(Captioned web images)
+ + + + + + +

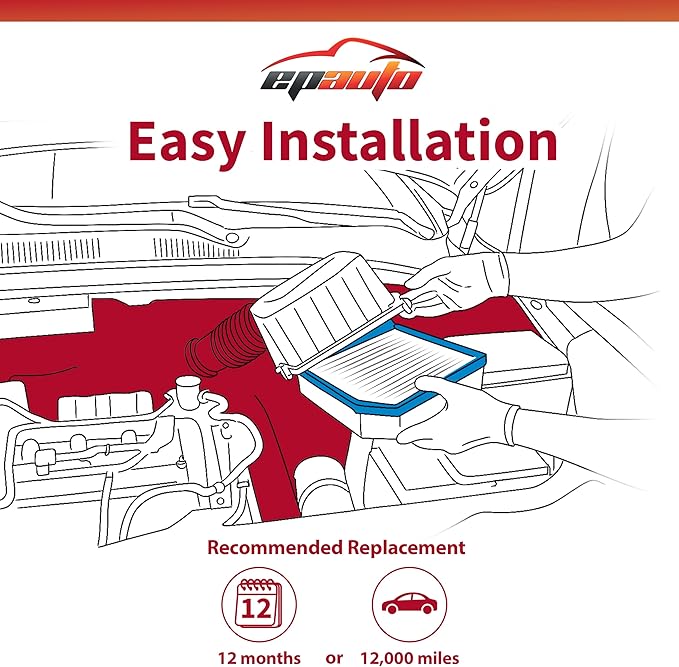 EPAuto GP167 Engine Air Filter Replacement - Image 7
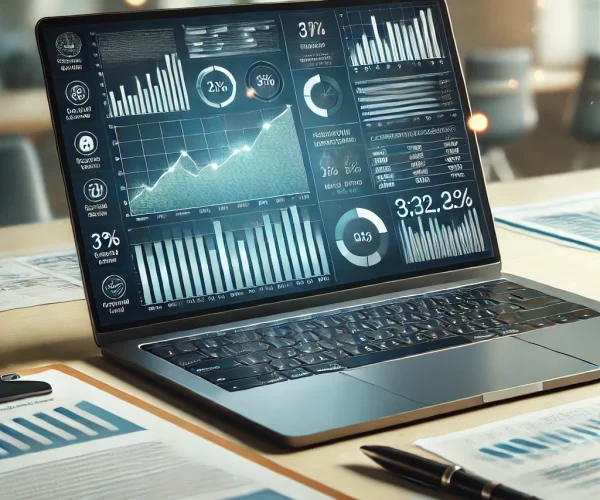 DALL·E 2024-10-18 12.56.09 - A realistic and professional image of a laptop screen displaying graphs and analytics related to medical billing and insurance claims. The graphs shou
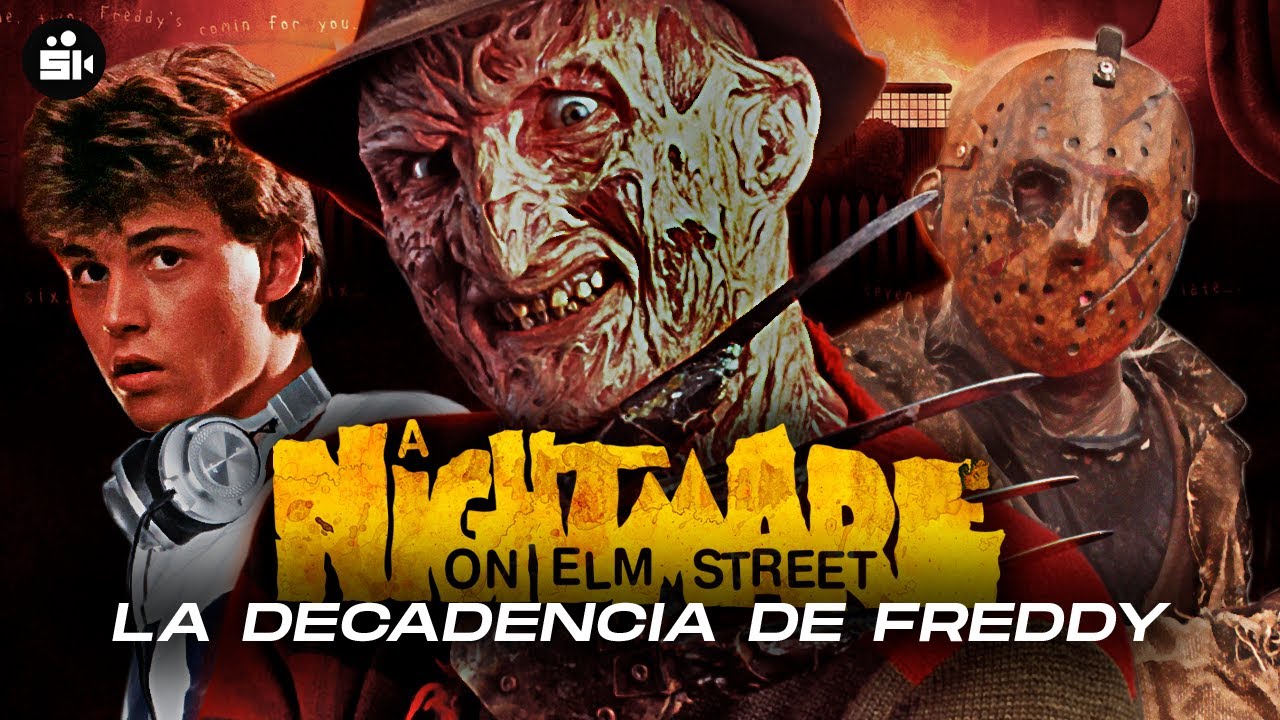 La evolución de FREDDY KRUEGER en la saga PESADILLA ☠️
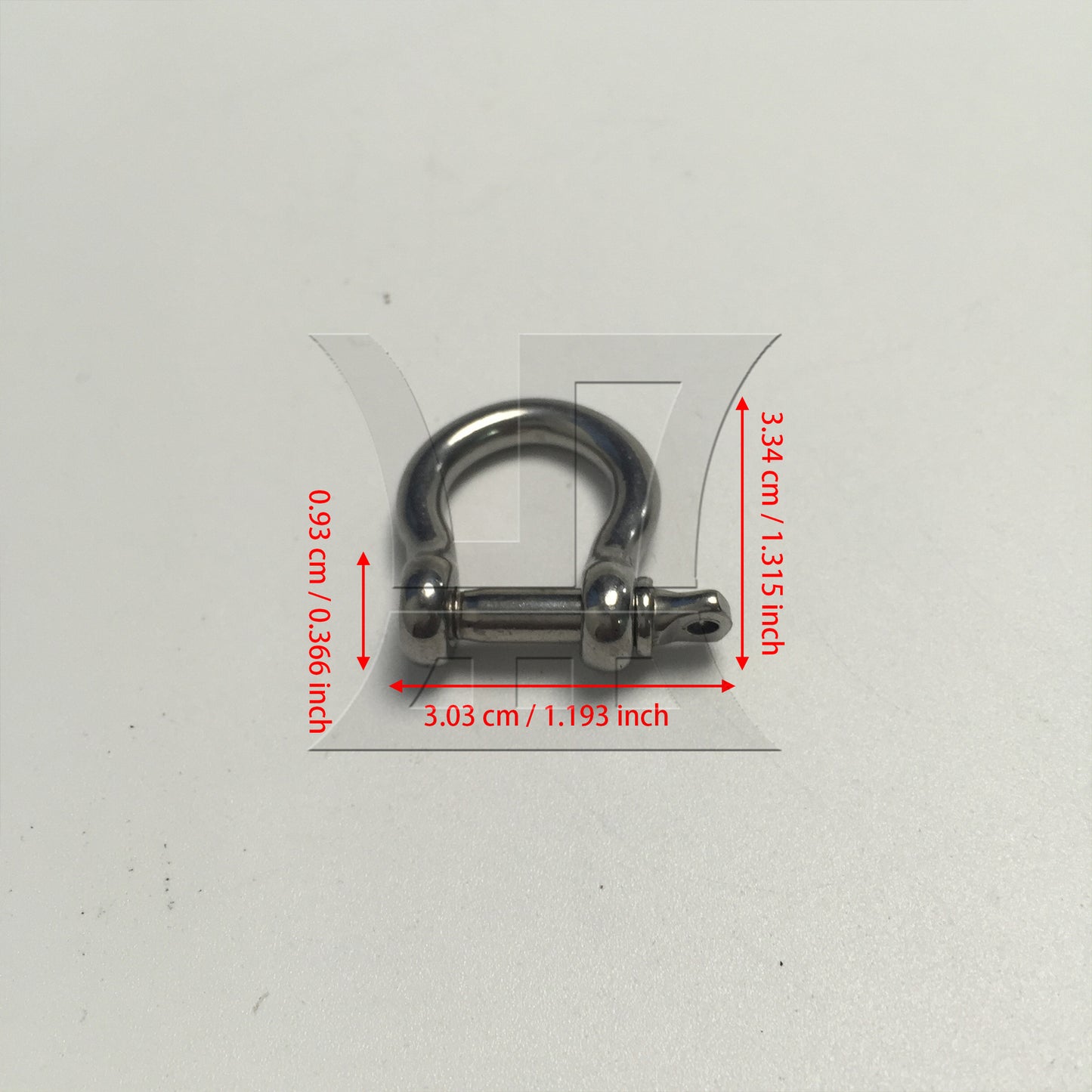 BQLZR  M5 304 Stainless Steel Screw Pin Anchor Shackle Bow Rigging European Style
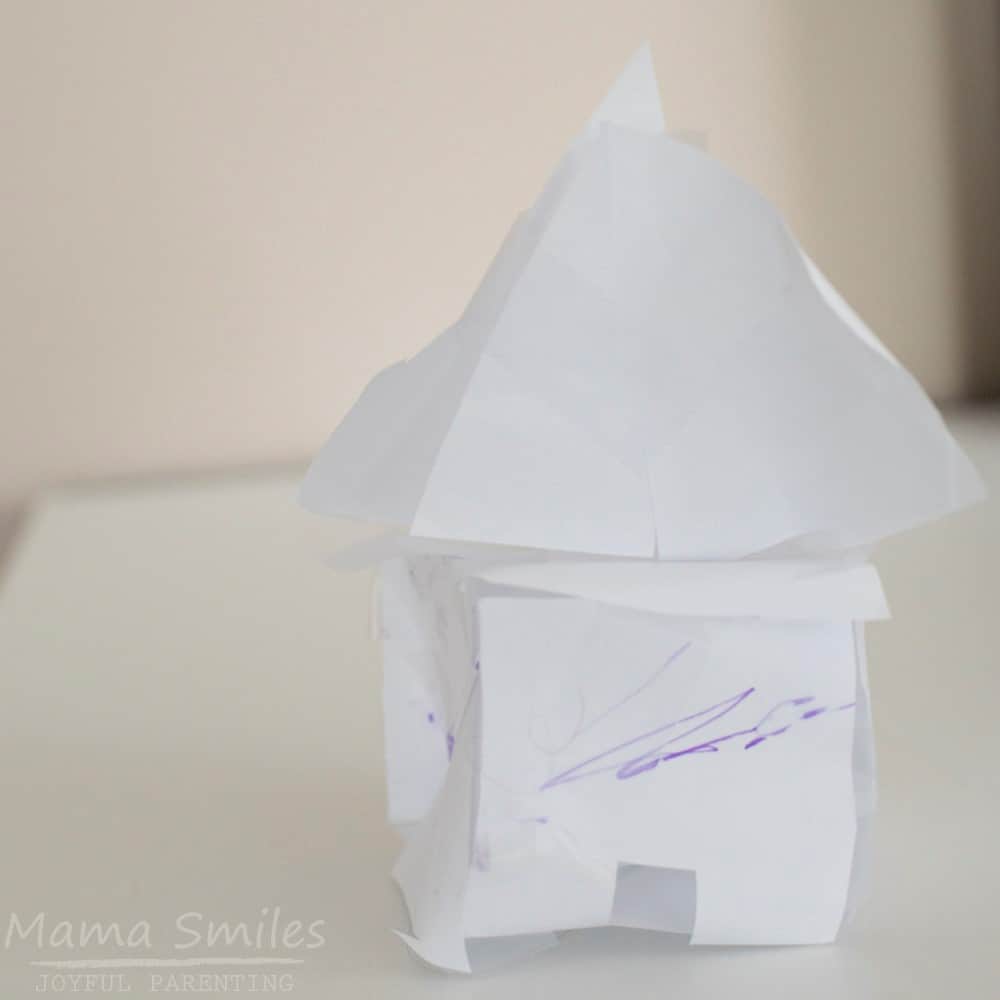 paper crafting to keep kids busy on the road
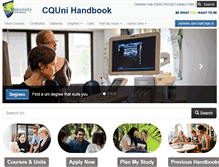 Tablet Screenshot of handbook.cqu.edu.au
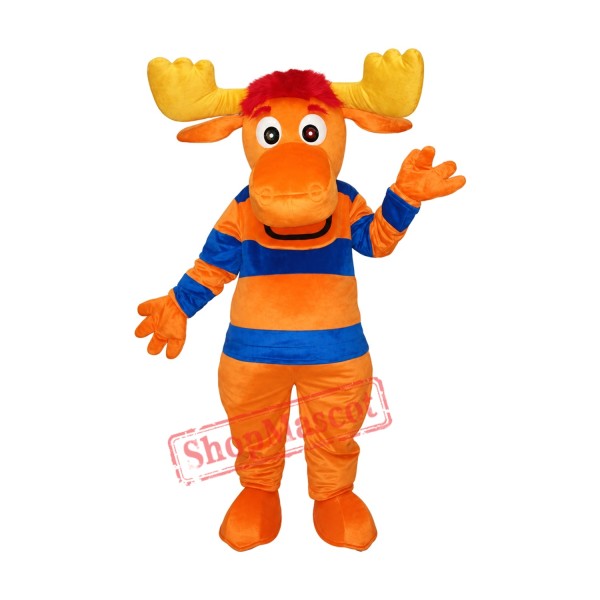 Striped Deer Mascot Adult Costume Free Shipping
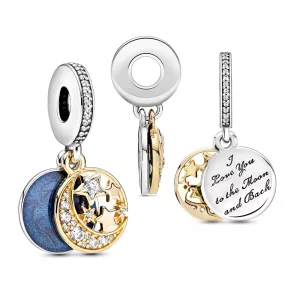 (imagen para) Pandora Shine Pandora "Te amo hasta la Luna y de vuelta" Colgante - 761993C01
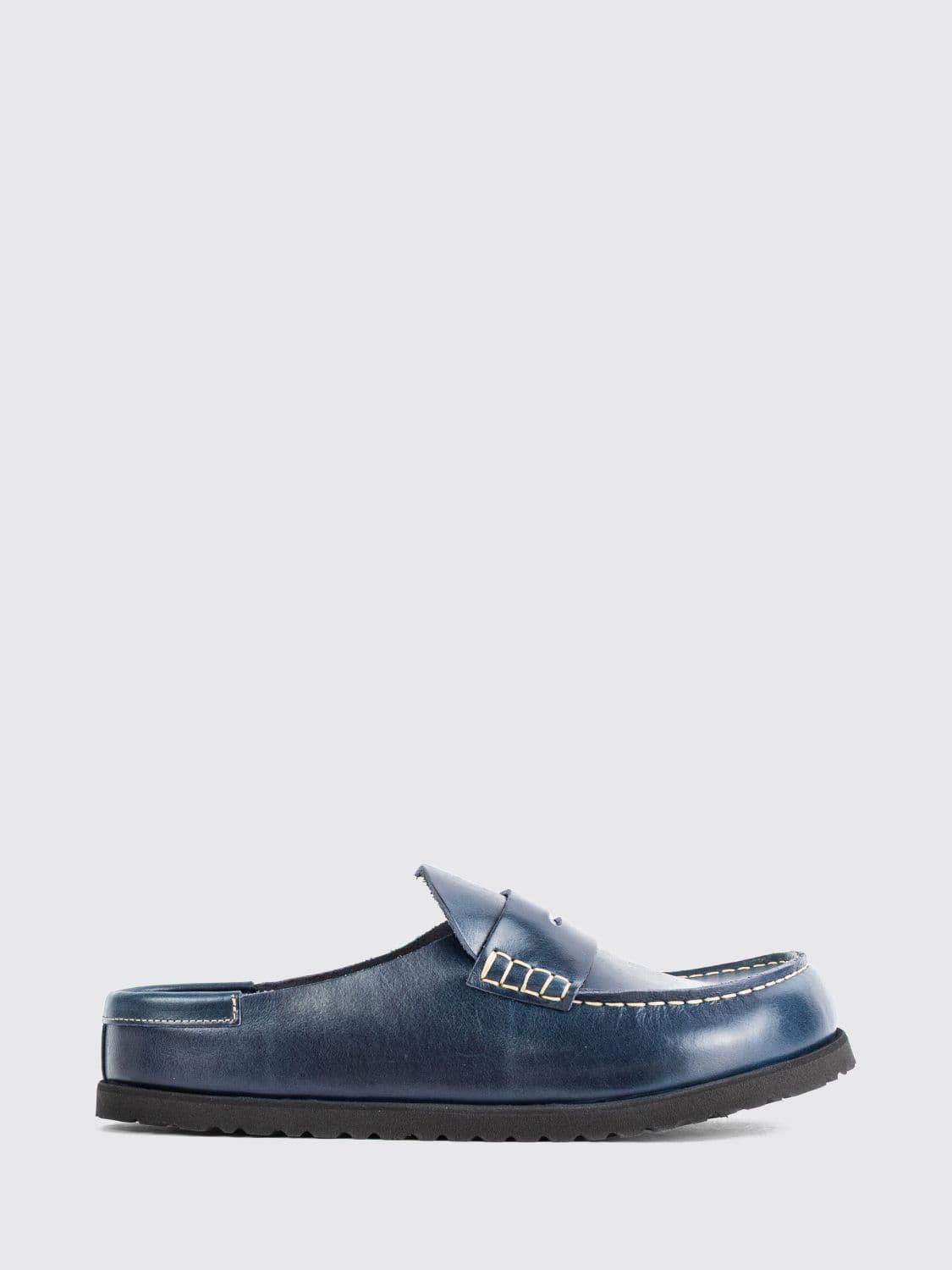 Birkenstock 1774 Naples Mules in Leather with Keeper and Round Toe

+ + + + + + +

_Activity_
Take the line containing "paper crafting to keep kids busy on the road" and every line after it up to the end of the entries, and quote them exactly. Both ends count; the pictures do not.

_Response box_
 paper crafting to keep kids busy on the road
 Tablet Screenshot of handbook.cqu.edu.au
 Striped Deer Mascot Adult Costume Free Shipping
 (imagen para) Pandora Shine Pandora "Te amo hasta la Luna y de vuelta" Colgante - 761993C01
 Birkenstock 1774 Naples Mules in Leather with Keeper and Round Toe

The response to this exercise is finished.